During exogenous administration of androgens, endogenous testosterone release is inhibited through feedback inhibition of pituitary luteinizing hormone (LH). At large doses of exogenous androgens, spermatogenesis may also be suppressed through feedback inhibition of pituitary follicle stimulating hormone (FSH).

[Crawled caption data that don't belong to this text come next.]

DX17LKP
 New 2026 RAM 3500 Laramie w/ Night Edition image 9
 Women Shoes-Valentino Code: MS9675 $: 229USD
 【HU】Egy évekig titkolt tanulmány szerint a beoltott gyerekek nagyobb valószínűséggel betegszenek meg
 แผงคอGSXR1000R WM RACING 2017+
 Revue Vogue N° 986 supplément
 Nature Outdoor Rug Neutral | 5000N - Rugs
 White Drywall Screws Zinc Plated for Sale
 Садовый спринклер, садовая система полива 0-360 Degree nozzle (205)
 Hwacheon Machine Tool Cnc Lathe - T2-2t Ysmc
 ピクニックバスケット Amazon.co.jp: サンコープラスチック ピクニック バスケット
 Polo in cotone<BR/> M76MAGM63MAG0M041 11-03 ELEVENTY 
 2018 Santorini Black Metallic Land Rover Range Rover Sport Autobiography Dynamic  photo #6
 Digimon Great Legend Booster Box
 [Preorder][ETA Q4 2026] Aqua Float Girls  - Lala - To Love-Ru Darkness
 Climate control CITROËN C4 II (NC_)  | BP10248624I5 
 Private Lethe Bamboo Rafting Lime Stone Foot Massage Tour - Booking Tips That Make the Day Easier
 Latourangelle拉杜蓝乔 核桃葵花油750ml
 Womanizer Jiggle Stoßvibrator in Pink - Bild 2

There is a lack of substantial evidence that androgens are effective in fractures, surgery, convalescence, and functional uterine bleeding.

Pharmacokinetics

Testosterone in plasma is 98 percent bound to a specific testosterone-estradiol binding globulin, and about 2 percent is free. Generally, the amount of this sex-hormone binding globulin in the plasma will determine the distribution of testosterone between the free and bound forms, and the free testosterone concentration will determine its half-life.

About 90 percent of a dose of testosterone is excreted as glucuronic and sulfuric acid conjugates of testosterone and its metabolites; about 6 percent of a dose is excreted in feces, mostly in the unconjugated form. Inactivation of testosterone occurs primarily in the liver. Testosterone is metabolized to various 17-keto steroids through two different pathways. There are considerable variations of the half-life as reported in the literature, ranging from 10-100 minutes.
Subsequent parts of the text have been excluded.